* [What the task asks] The answer is one number: how many lines in the data below hold "large".

(Web page caption snippets)
--*--

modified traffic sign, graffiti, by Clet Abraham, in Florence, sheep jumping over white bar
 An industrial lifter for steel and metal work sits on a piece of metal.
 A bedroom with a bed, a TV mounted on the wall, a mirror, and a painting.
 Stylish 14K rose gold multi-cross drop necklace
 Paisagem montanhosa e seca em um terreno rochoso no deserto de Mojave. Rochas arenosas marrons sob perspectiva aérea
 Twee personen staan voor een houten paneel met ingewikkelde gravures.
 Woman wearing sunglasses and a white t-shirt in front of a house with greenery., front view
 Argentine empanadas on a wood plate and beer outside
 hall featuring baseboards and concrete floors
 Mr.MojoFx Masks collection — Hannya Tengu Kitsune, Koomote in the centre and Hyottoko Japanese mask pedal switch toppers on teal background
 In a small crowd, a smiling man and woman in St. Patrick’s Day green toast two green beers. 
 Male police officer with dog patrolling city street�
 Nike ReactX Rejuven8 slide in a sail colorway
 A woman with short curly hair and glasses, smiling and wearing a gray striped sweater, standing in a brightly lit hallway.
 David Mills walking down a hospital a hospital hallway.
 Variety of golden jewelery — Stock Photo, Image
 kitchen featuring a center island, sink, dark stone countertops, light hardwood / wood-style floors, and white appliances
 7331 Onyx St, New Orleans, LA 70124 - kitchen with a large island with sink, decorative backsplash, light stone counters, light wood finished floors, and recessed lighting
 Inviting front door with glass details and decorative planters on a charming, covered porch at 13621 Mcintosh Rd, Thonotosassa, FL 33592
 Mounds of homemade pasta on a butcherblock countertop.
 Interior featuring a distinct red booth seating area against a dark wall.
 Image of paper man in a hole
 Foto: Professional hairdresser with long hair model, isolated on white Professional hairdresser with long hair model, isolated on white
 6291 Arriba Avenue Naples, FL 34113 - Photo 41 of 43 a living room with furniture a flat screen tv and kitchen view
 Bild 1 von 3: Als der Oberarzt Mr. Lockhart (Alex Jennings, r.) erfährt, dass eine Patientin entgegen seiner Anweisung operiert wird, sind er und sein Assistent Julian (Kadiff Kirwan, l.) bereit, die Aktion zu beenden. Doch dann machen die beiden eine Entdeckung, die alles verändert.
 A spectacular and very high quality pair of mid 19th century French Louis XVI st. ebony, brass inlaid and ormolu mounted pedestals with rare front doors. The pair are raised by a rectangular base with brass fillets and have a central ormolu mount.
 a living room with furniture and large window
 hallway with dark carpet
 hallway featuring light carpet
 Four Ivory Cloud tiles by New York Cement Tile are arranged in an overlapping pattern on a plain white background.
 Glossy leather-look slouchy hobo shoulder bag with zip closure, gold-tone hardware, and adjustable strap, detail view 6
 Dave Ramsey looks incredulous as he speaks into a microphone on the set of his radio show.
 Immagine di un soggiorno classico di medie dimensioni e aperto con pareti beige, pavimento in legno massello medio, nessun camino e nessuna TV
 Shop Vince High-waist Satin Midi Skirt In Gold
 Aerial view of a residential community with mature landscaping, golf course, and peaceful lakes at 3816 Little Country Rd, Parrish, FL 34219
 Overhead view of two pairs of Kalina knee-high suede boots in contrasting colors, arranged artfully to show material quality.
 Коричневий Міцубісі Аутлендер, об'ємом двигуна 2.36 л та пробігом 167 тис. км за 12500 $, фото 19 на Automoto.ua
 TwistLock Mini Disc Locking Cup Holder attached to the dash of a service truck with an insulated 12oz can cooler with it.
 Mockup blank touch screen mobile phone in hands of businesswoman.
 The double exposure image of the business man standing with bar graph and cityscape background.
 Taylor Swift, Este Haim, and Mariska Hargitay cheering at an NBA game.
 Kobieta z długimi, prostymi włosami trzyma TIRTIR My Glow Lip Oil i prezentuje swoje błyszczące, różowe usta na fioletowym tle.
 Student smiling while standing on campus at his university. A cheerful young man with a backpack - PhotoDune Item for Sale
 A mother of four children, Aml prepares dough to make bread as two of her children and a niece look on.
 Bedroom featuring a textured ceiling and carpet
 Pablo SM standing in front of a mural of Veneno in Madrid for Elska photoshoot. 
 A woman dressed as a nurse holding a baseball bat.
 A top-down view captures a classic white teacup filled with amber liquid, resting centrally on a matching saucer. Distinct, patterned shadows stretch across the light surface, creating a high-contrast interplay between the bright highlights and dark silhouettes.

--*--

* [Exercise response] 2